Une triste histoire de terrain
S’il est de bon ton de tirer à boulets rouges sur les collectivités amatrices de bétonisation à outrance pour servir l’appétit des promoteurs, la folie des grandeurs liées aux Olympiades ou les projets ubuesques (comme celui du triangle de Gonesse), l’histoire semble différente à Fleury-Mérogis qui attend depuis plus de cinquante ans un collège pour ses enfants.
La première pierre d’un collège avait été symboliquement posée en 1977, dans un terrain de 7 hectares jouxtant celui de la mairie. Il ne restait qu’à attendre l’accord du département pour lancer les travaux. Problème : la friche a été le théâtre de dépôts de plus de 300 000 tonnes de déchets du BTP (comprenant amiante, fibrociment et hydrocarbure) rendant le terrain inconstructible sans dépollution. Une dépollution qui ne peut commencer avant la fin de la procédure engagée contre l’ancien édile de Fleury-Mérogis de 2009 à 2017, David Derrouet, qui a été mis en examen pour corruption passive et placé sous contrôle judiciaire. Il est soupçonné d’avoir accepté ces déversements en échange de pots-de-vin. Voilà pourquoi, quand le département a accepté la construction d’un collège, la mairie a été obligée de trouver un autre terrain.

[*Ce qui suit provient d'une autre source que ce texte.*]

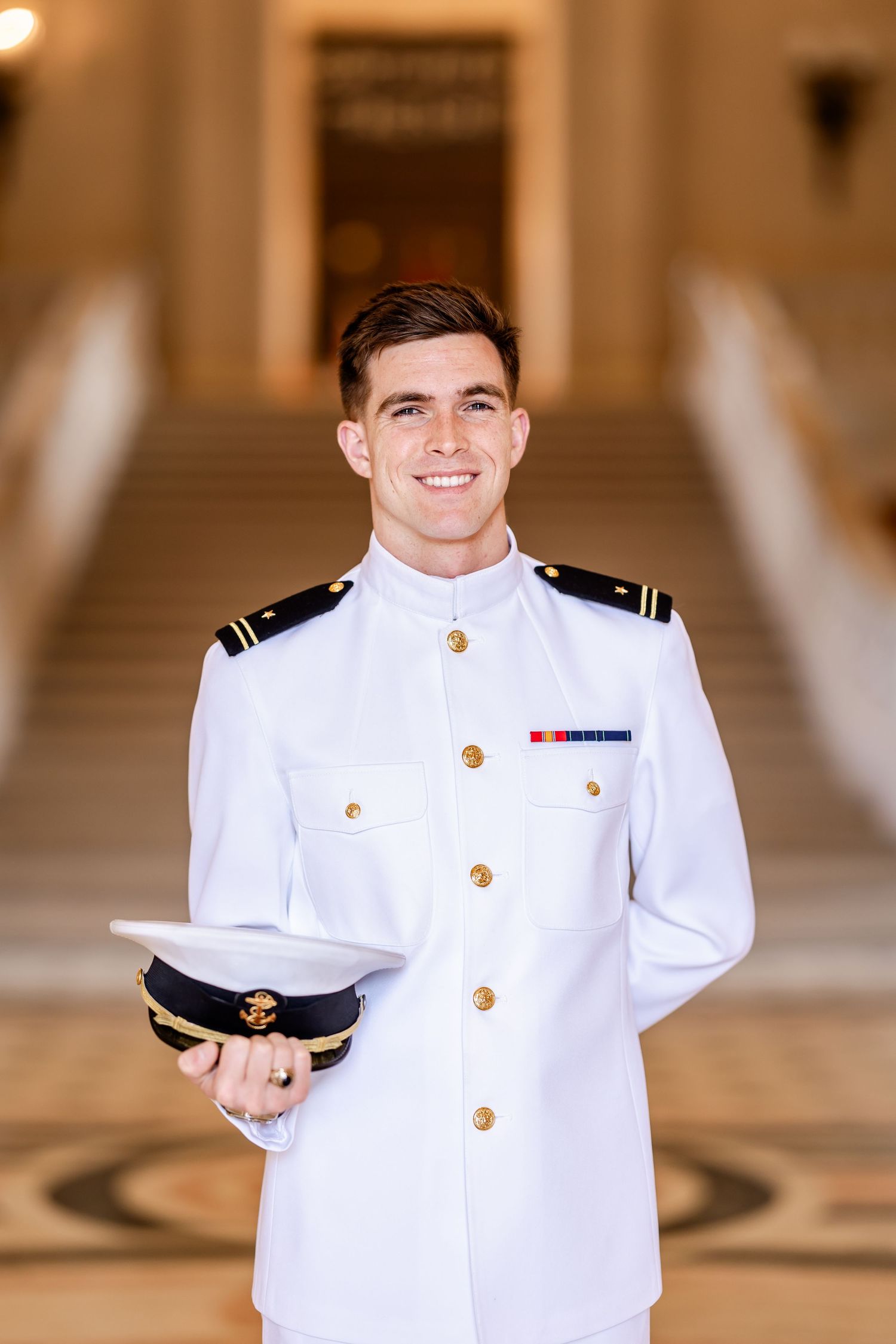Young naval officer in white dress uniform holds cap while smiling in elegant hall.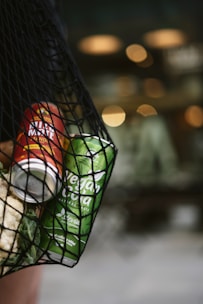 A close-up of a net bag containing a red can labeled 'Mate Mango' and a green can labeled 'Vegan Cola' with ingredients such as stevia. The background is blurred with warm bokeh lighting, contributing to a cozy atmosphere.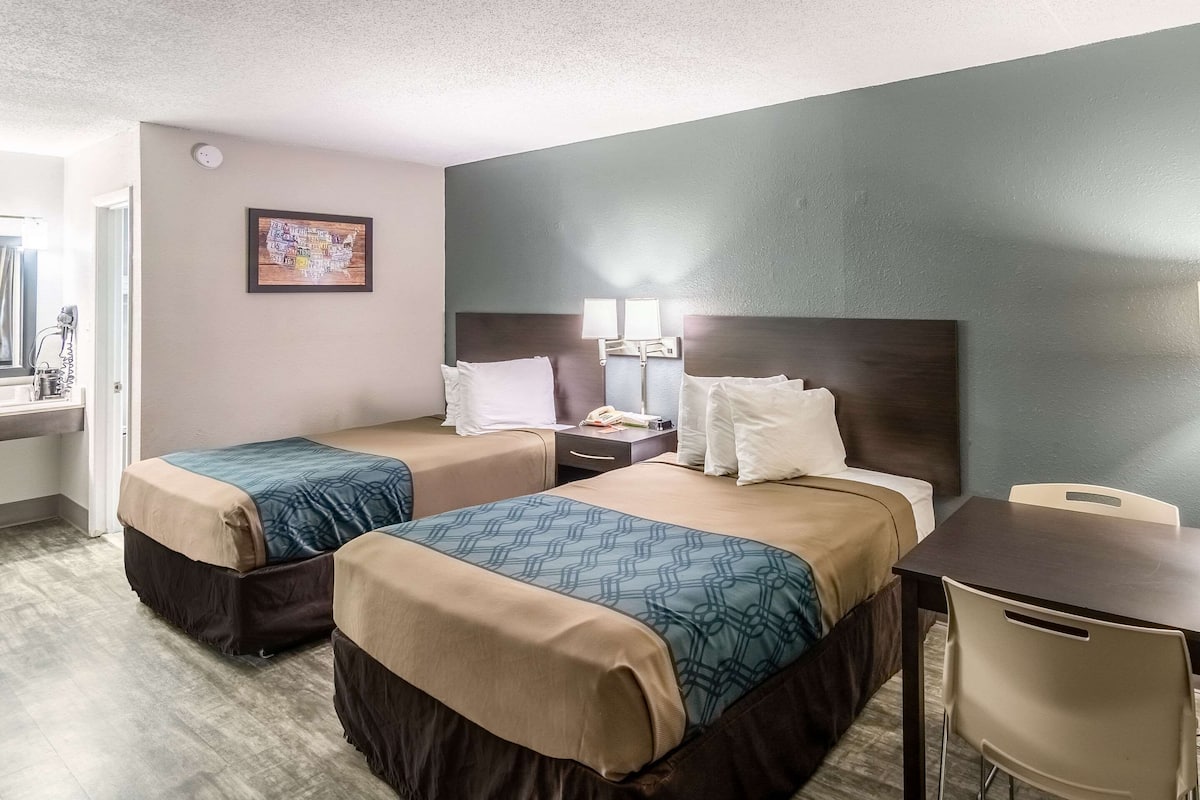 Desk, laptop workspace, blackout drapes, iron/ironing board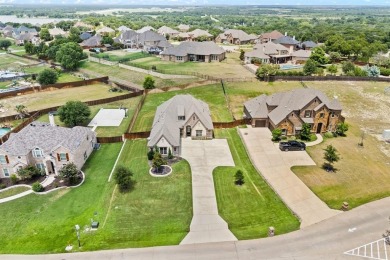 Welcome to this immaculate former model home, nestled on a on The Golf Club at Resort Eagle Mountain Lake in Texas - for sale on GolfHomes.com, golf home, golf lot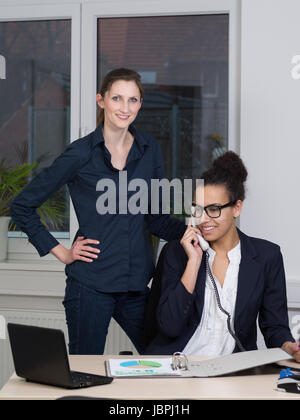 Eine junge Büroangestellte sitzt am Schreibtisch und vor einem Aktenordner telefoniert. Eine weitere Frau steht neben ihr und schaut zur Kamera. Banque D'Images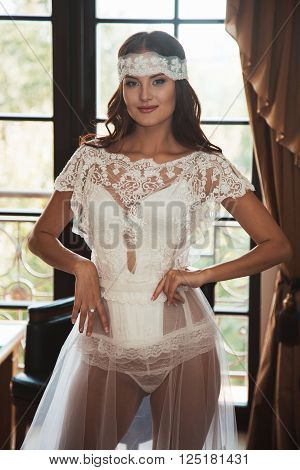 Beautiful sexy girl in boudoir white dress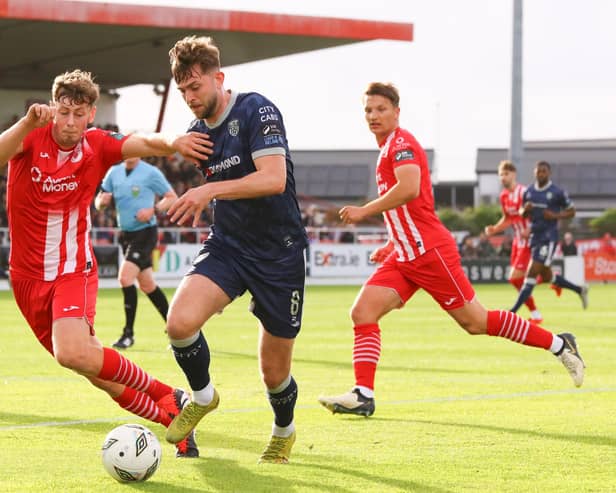 Will Patching gets on the ball against Sligo Rovers at the Showgrounds.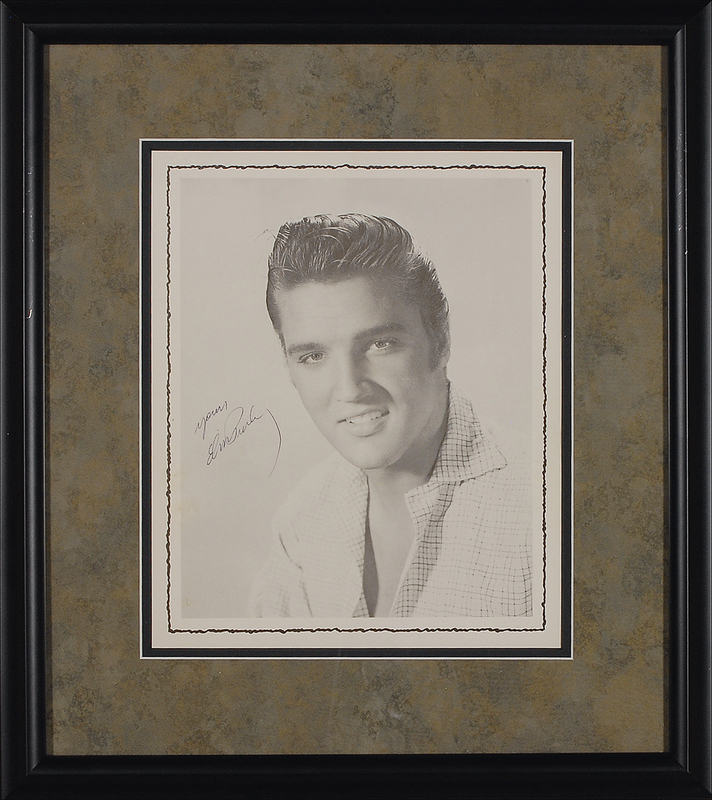 Lot 839 Elvis Presley: The King signs an early tour program photo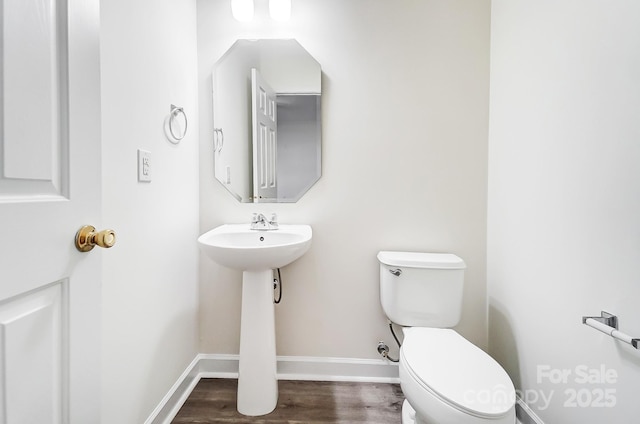 bathroom featuring hardwood / wood-style floors and toilet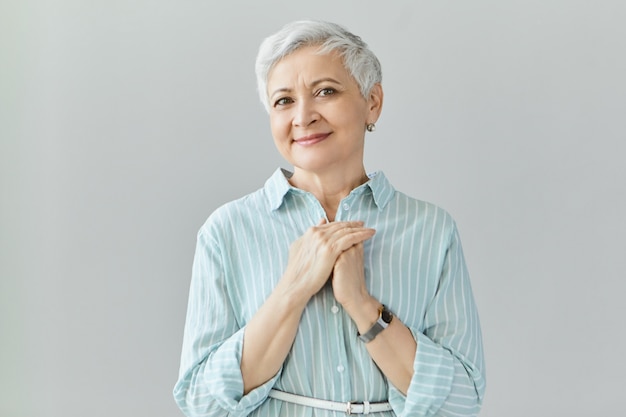 Tir isolé de la belle dame européenne mature émotionnelle avec une coiffure de lutin tenant les mains sur sa poitrine, remplie d'émotions heureuses. Aime la gentillesse, la gratitude, la reconnaissance et le concept d'appréciation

La parcelle de 1,7 hectare des jardins familiaux a été rétrocédée par la mairie au département pour un euro symbolique en avril 2021. « Nous avions mis l’affaire du terrain de 7 hectares entre les mains de la justice depuis 2020, ce terrain reste gelé, quand nous avons su que nous avions l’opportunité d’obtenir un collège, mais qu’il fallait pour cela un terrain d’un hectare et demi minimum, le seul qui était disponible était celui dédié aux jardins familiaux. Nous avons trouvé un moyen de relocaliser les jardins familiaux en créant en plus des jardins partagés, tout en gérant le dossier sujet collège ! », explique Olivier Corzani, maire actuel (PC). Le ministère de la Justice a, quant à lui, rétrocédé un terrain de 1,4 hectare en face de la gendarmerie et à quelques pas de la plus grande maison d’arrêt d’Europe pour déplacer les jardins familiaux.
« Chaque hectare, chaque parcelle de jardin est déplacée »
À la fin du mois de février dernier, malgré les secousses de l’hiver, une réunion publique a été organisée par la mairie de Fleury-Mérogis pour présenter les plans du nouveau collège qui pourra accueillir plus de 800 élèves dès la rentrée 2026. Un bâtiment rotond de deux étages, fait de bois chaleureux, en cœur de ville, avec cinq logements de fonction. Une joie pour le maire de Fleury et ses administrés. Jusqu’à présent, les élèves de collège devaient se répartir entre deux établissements, à Sainte-Geneviève-des-Bois et Bondoufle, ce qui impliquait des voyages de 30 à 45 minutes de bus pour les jeunes, avec des liaisons parfois semées d’embûches. « Nous sommes la seule commune de plus de 10 000 habitants en Île-de-France qui n’est pas dotée d’un collège, il était temps que cela change, souligne le maire, Olivier Corzani. Dès 2026, les jeunes seront à 5 ou 10 minutes à pied de leur établissement, pourront rentrer déjeuner chez eux, leurs cartables seront moins lourds… Cela aura un impact certain sur les taux de décrochage scolaire qui sont importants sur une commune comme la nôtre », a souligné l’élu.